It was during the 2015 legislative session we dubbed a plan by Rep. Lyle Larson (R-San Antonio) to move masses of groundwater across the state through a water grid, "Gridzilla", dubbing Griddy a "water sucking monster".

We also call Gridzilla, the California Water Model -- is the ugly baby of State Rep. Lyle Larson (R-San Antonio) who was given the chairmanship of the House Natural Resources Committee and Sen. Charles Perry (R-Lubbock), who chairs the Senate Water Committee.

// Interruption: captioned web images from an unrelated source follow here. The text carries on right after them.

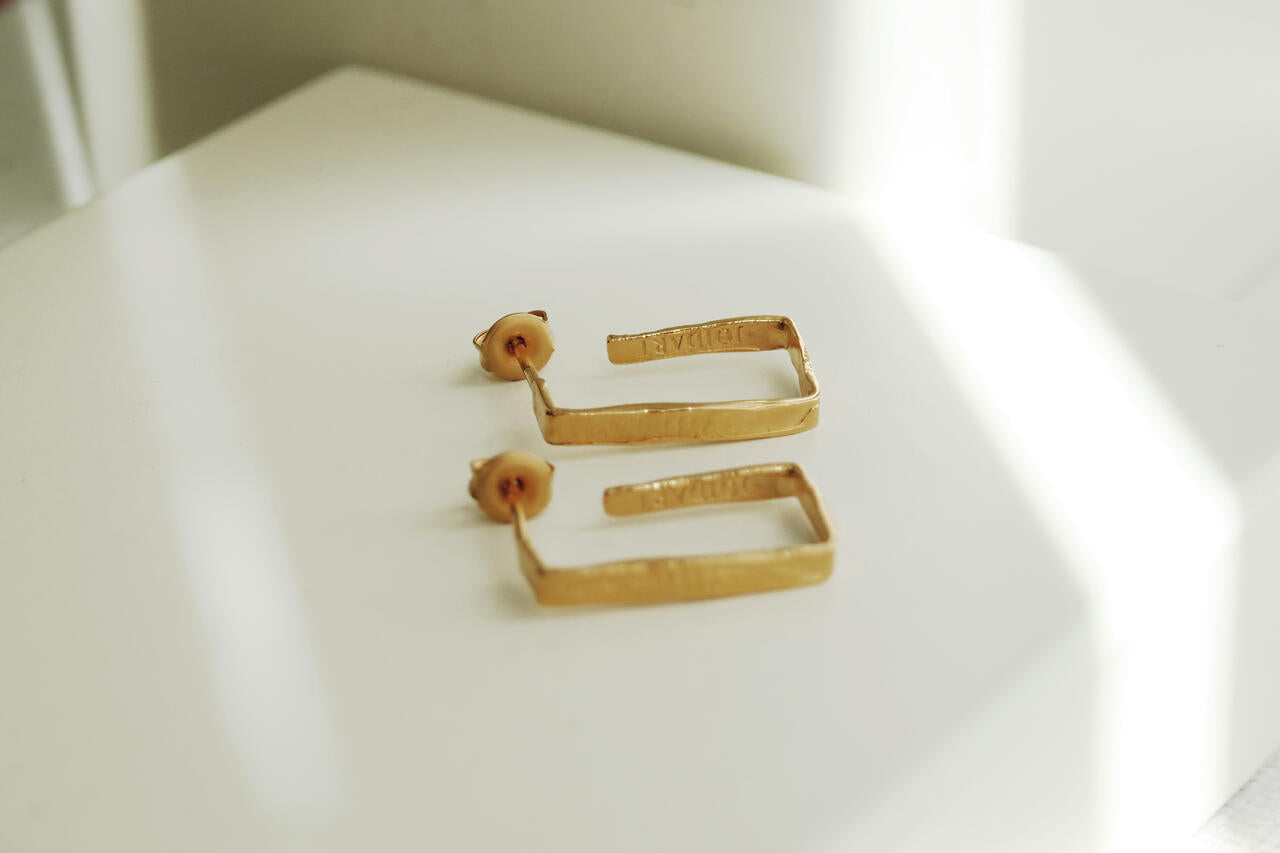 Lignis Gold Thin Hoops Medium
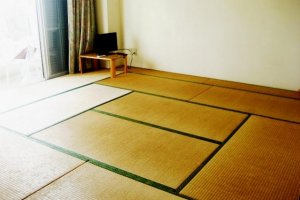 Southern Cross in Aharen Tokashiki-son Island has simple tatami rooms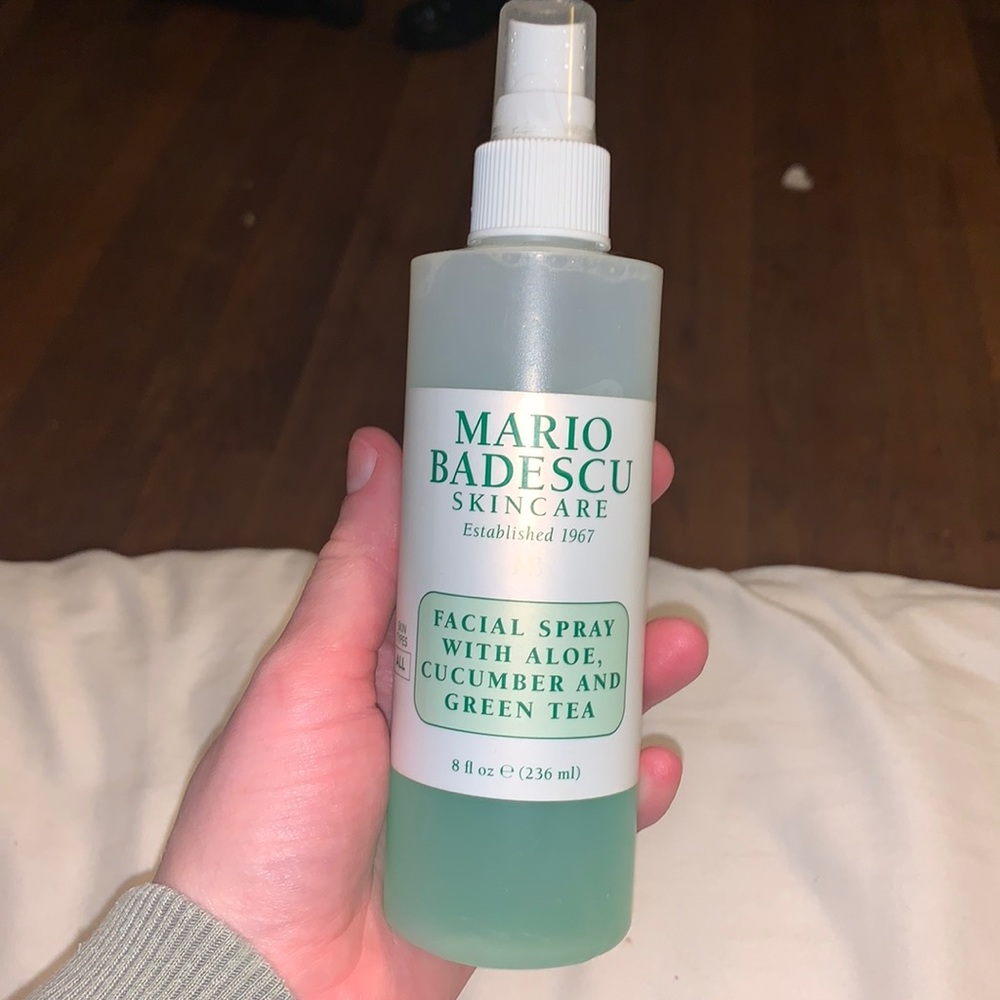 Facial spray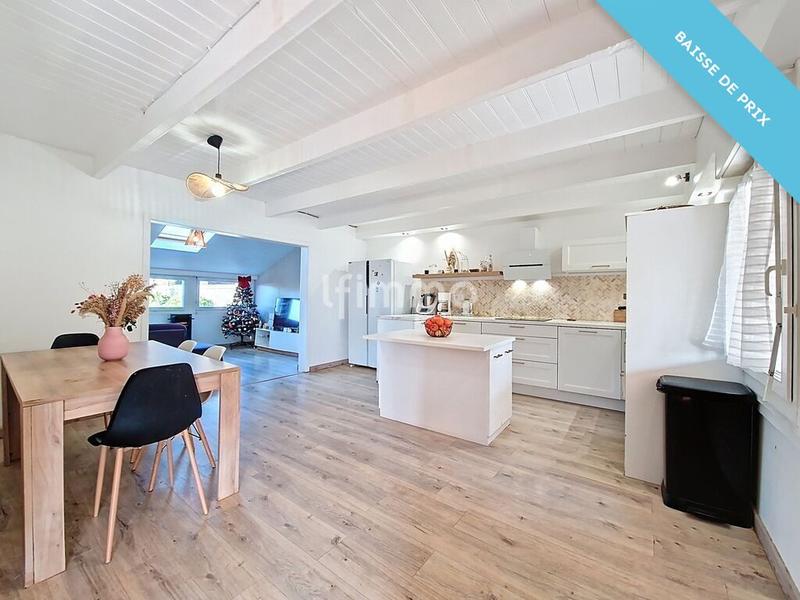 Maison - 80 m² - 3 pièces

This picture of his "water grid" from the 2015 session tells you exactly where Lyle's head is -- the IH-35 growth corridor. That's where he wants to send massive supplies of groundwater for hyper-development. Though some movement of groundwater is necessary, this is the California Water Model that mimics policies employed in California 50 years ago. California is now scrambling to reverse the damage of mass conveyance of groundwater for real estate development. Why would we repeat it in Texas?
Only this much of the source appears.